• WORK INSTRUCTIONS
Transcribe all of the entries below exactly. Leave out the pictures.

• EXERCISE INPUTS
++++++

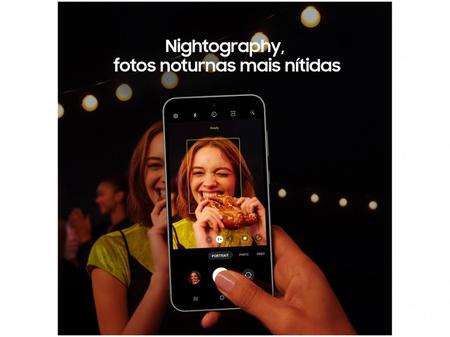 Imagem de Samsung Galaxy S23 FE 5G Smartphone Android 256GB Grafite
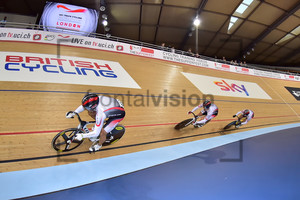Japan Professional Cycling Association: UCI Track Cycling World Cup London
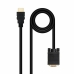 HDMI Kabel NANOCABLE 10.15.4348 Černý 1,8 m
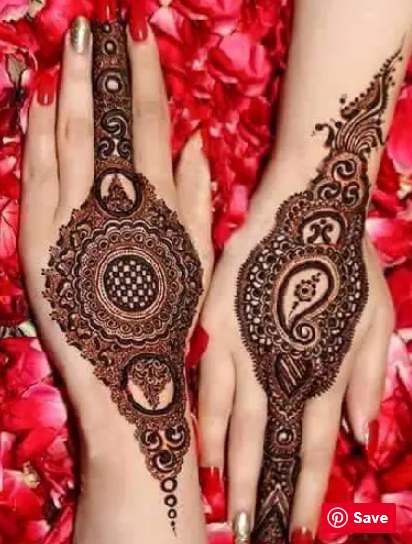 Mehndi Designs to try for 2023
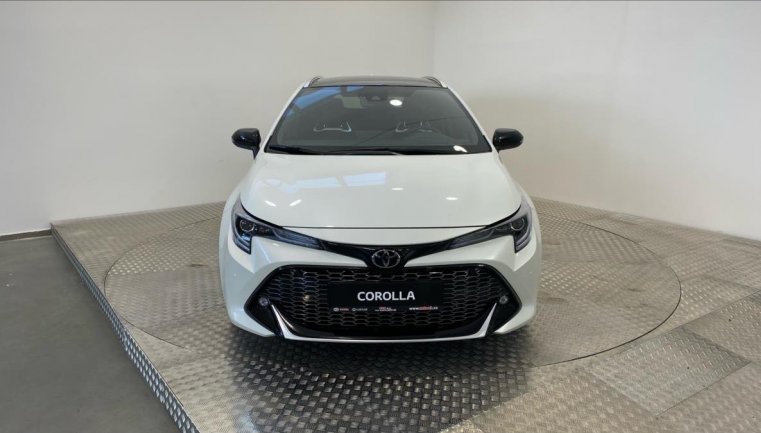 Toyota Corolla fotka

++++++

• EXERCISE ANSWER
 Imagem de Samsung Galaxy S23 FE 5G Smartphone Android 256GB Grafite
Japan Professional Cycling Association: UCI Track Cycling World Cup London
 HDMI Kabel NANOCABLE 10.15.4348 Černý 1,8 m
 Mehndi Designs to try for 2023
 Toyota Corolla fotka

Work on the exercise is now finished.